RTDNet: A Recurrent Network using Temporal Difference for Video Gaze Estimation

Overview

RTDNet is a recurrent video gaze estimation framework that explicitly models both inter-frame motion and temporal dependencies, and aligns full gaze trajectories over time. It introduces a Temporal Difference Module (TDModule) to capture motion from temporal differences, a recurrent multi-level fusion architecture with upsampling to build complete motion representations, a Transformer encoder for temporal processing, and a Point Distribution Alignment (PDA) loss to align predicted and ground-truth Point-of-Gaze (PoG) sequences at the trajectory level.

overview-pic

Method highlights

  • Temporal Difference Module (TDModule): Computes differences between adjacent frame features, aggregates them via a sliding window, and uses grouped convolution to extract motion features.
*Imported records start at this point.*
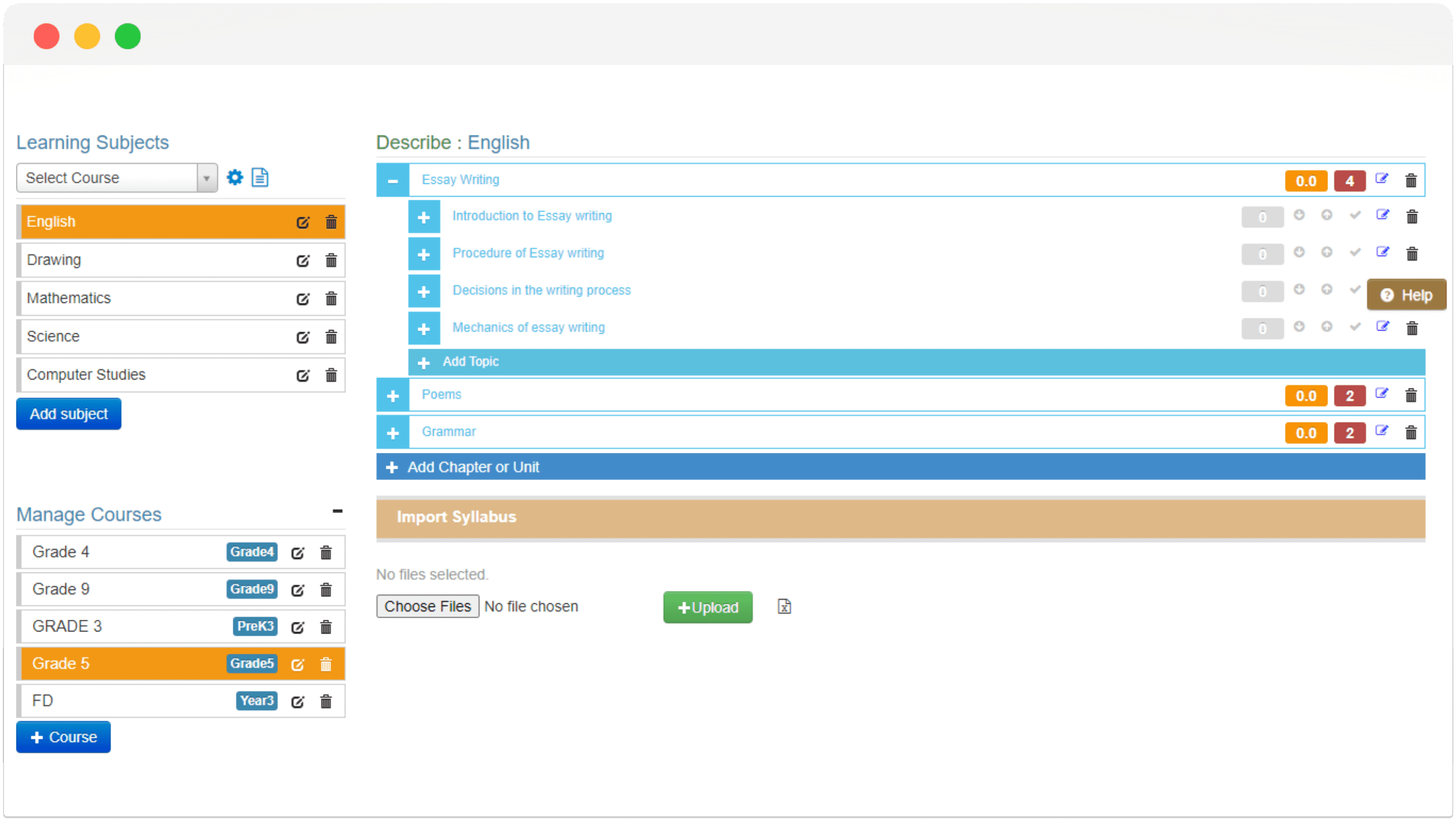 teacher creating syllabus on EduCloud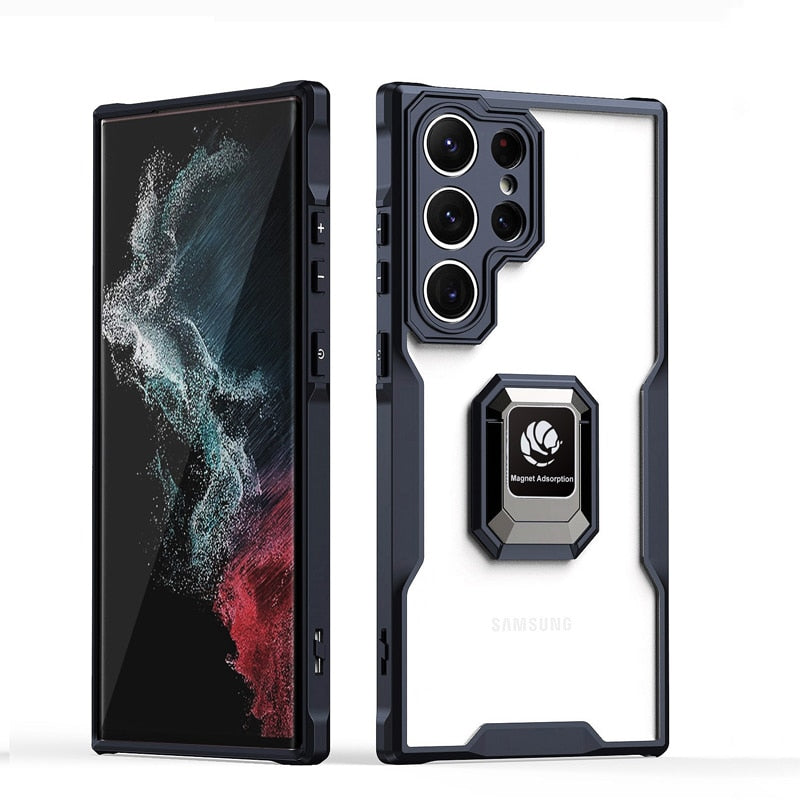 Transparent Magnetic Ring Samsung Galaxy Case - HoHo Cases Samsung Galaxy A12 / Black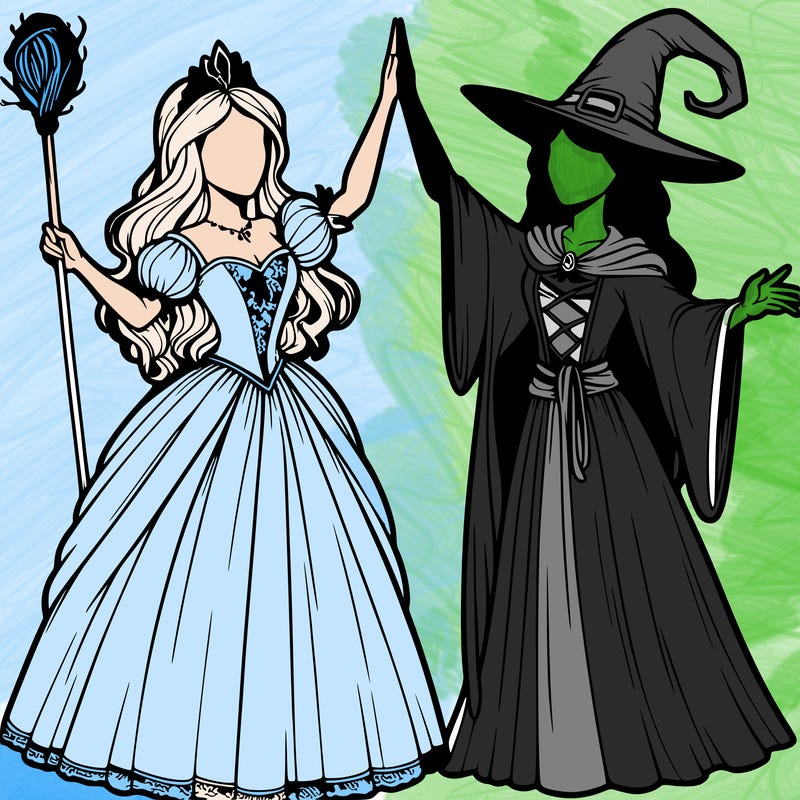 detailed realistic split of a princess and a witch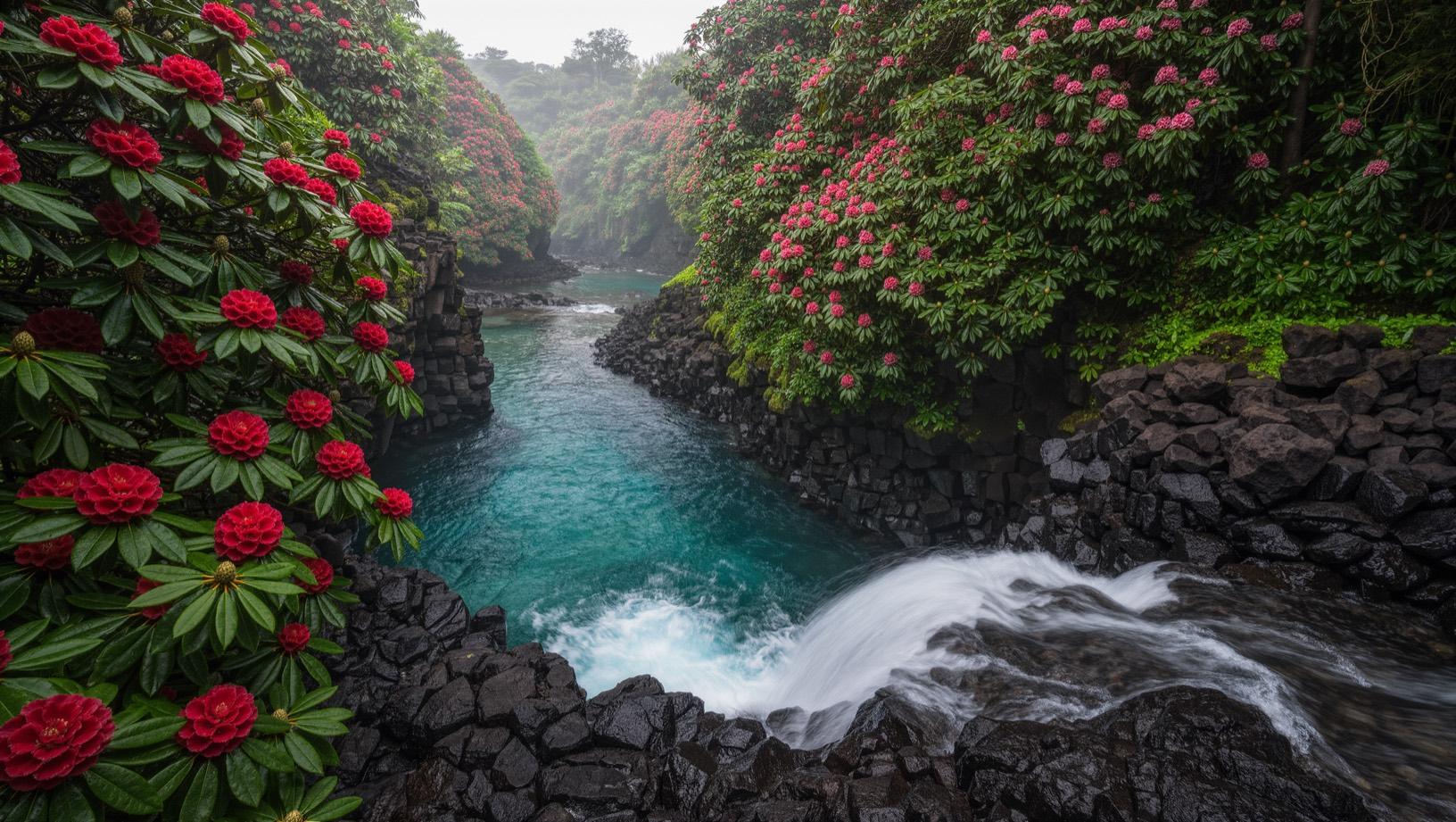 Rain-misted stream running over black lava rock between flowering shrubs into a turquoise coastal pool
Zero-padding at sequence ends ensures a 1:1 al tdm

  • Recurrent multi-level fusion: At multiple backbone stages, TDModule-derived motion features are injected into appearance features through short connections; deep motion features are upsampled and fused with shallower ones to form a more complete motion representation that is recurrently added back to image features across levels.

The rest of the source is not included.